Mind your own business, the first of the American Ten Commandments.
It’s not one I subscribe to, even though in our community, not minding my own business means more than social suicide; it’s a crime when we ascend above ground.
For thousands of years we deeems have kept away from the creatures running over our heads with their five-toed feet. So if anyone in my community gets wind of the risky job I’m on these days, I’m practically a goner. But that doesn’t stop me from shadowing a certain teenage fivetoe.
There’s also a totally different occupational hazard involved in this position I’ve created for myself, one I’m suffering from right now: this job occasionally makes school seem relatively stimulating. Yawn. I’ve played too many Angry Condor games to count since Starra got involved in some fantasy book a couple of hours ago and lost contact with the real world. Even if I knew how to become visible to the fivetoe eye and suddenly revealed myself, I bet she wouldn’t notice me, the cute teen perched on her windowsill.
Time simply refuses to advance, and I have to resort to counting the spider eggs cocooned in their nest on a nearby tree branch. A sudden sigh interrupts my lame occupation. There’s a starry look in the big eyes, and I notice the novel is slipping out of Starra’s dreamy grip. This is my window of opportunity! I finger the starchy edge of the book jacket and coax the book forward.
Thud. The book falls to the floor, and the movement seems to bring Starra back to her senses.

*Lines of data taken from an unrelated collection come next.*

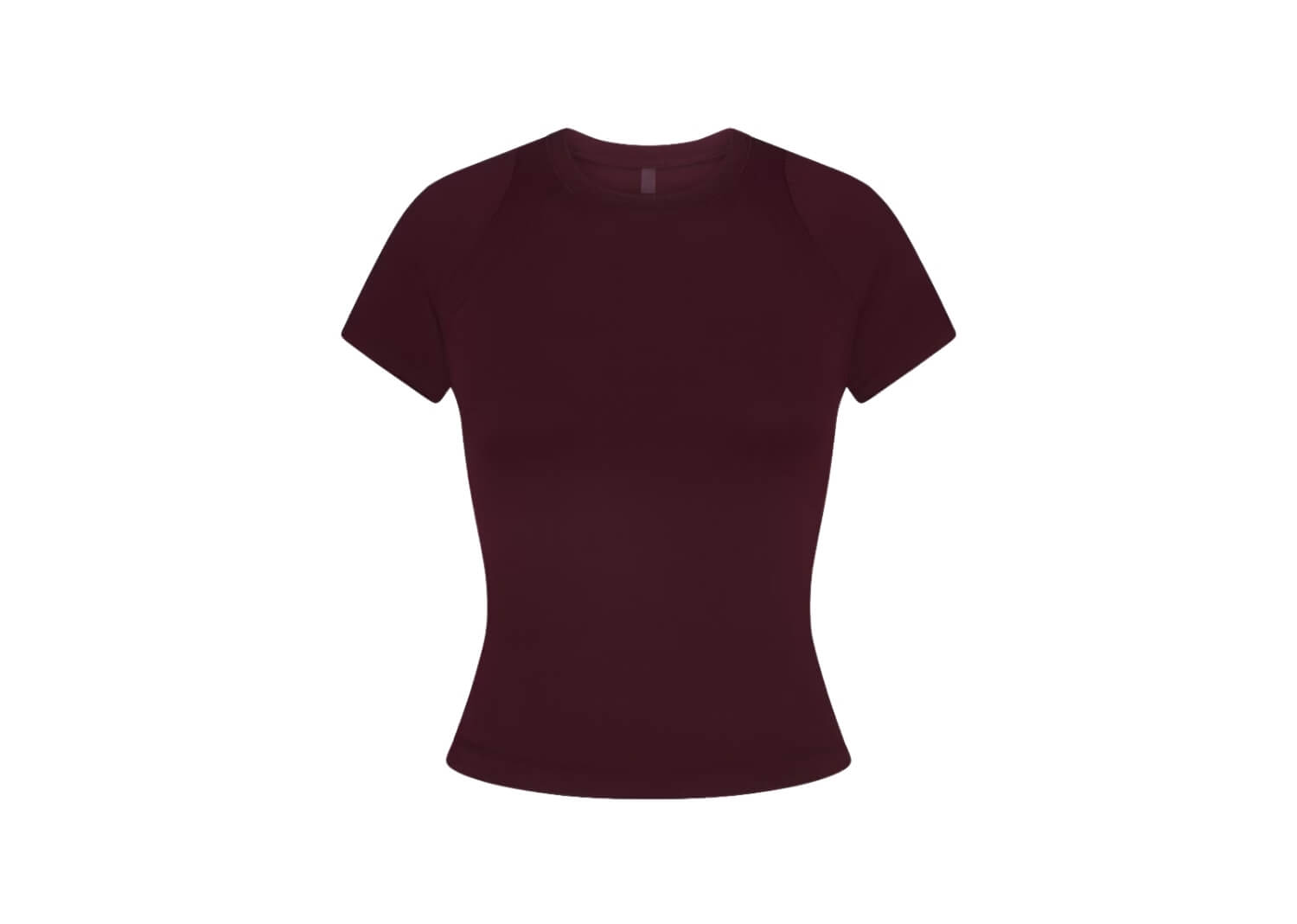 Nike x SKIMS Women’s Airy Baby Tee Currant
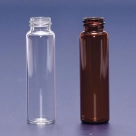 Виала ISOLAB N15, 12,0 мл, 18,5 x 66 мм, под резьбовую крышку, коричневое стекло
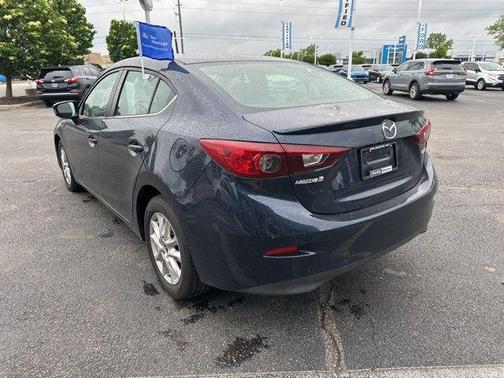 2016 Mazda Mazda3 i Touring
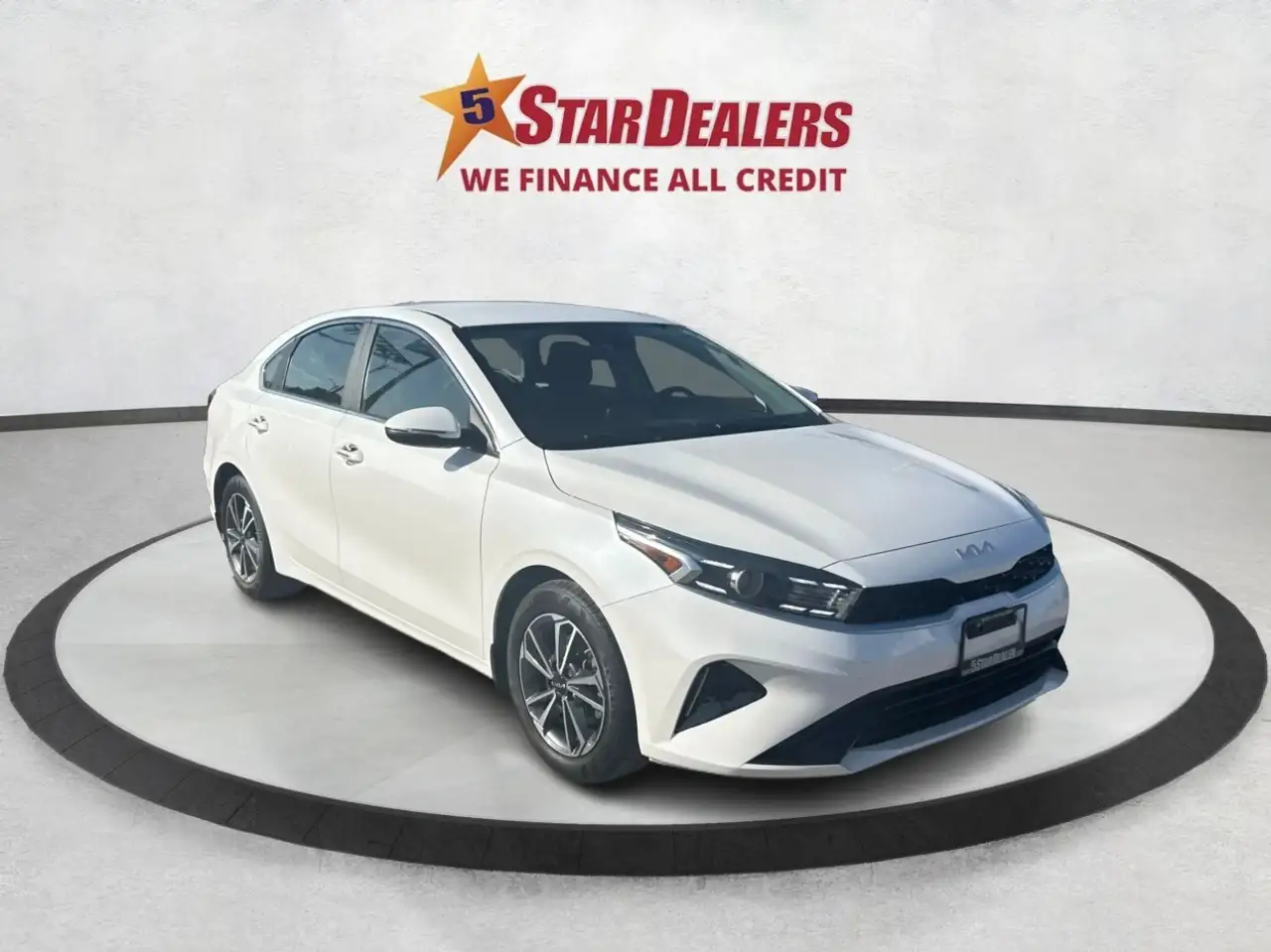 Kia Forte photo Kia Forte
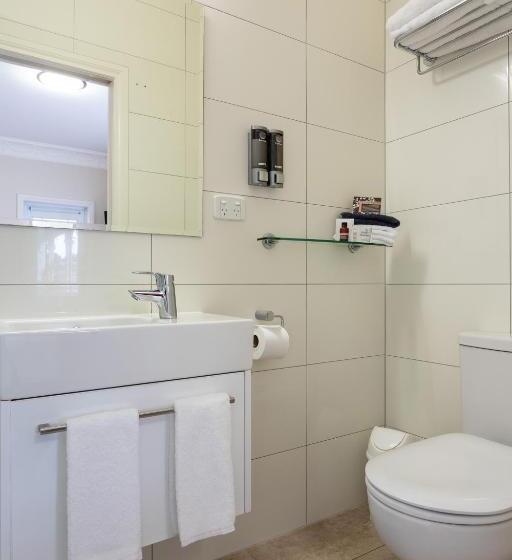 חדר פרמיום עם מרפסת, Tuakau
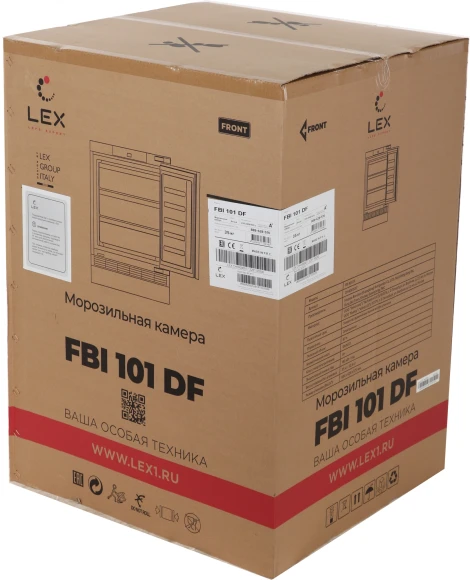 Freezer Lex FBI 101 DF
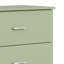 Commode double à 6 tiroirs Allyannah-100914245
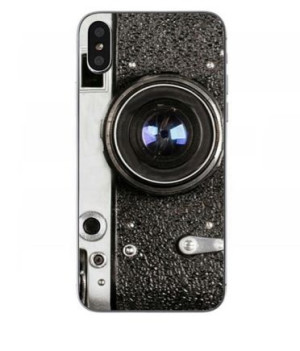 Etui iPhone aparat camera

At last she grabs a hoodie and sets out, probably for one of her night excursions on the Vista Del Mar Path. Are we running or biking tonight?
Running it is. I jog behind her, finding the excursion by the shoreline an improvement to watching her read. At least we are moving.
She runs for half an hour, at a speed faster than the sea turtle pace usual for fivetoes. Then she slows to a stop at a jagged rock, half-submerged in the ocean. I groan quietly and contemplate leaving. From experience, I know she’ll climb to the top of her rock and dream away. I start backing off, but when I’m some fifty feet away, I look back. Starra makes a pretty picture there, her silhouette perched high on the rock. Her long legs are tucked under her, and her head hangs back as she keeps her gaze on the stars above. If only she would let loose the heavy dark mane of hair she always twists up at the back of her neck, she would truly look like a mermaid risen from the sea.
Something pulls me back to her. I can’t explain it, but I have a feeling trouble is lurking nearby, waiting to snatch her in its net.
My chicken feet make an about face and follow Starra home as she takes the shorter route through town.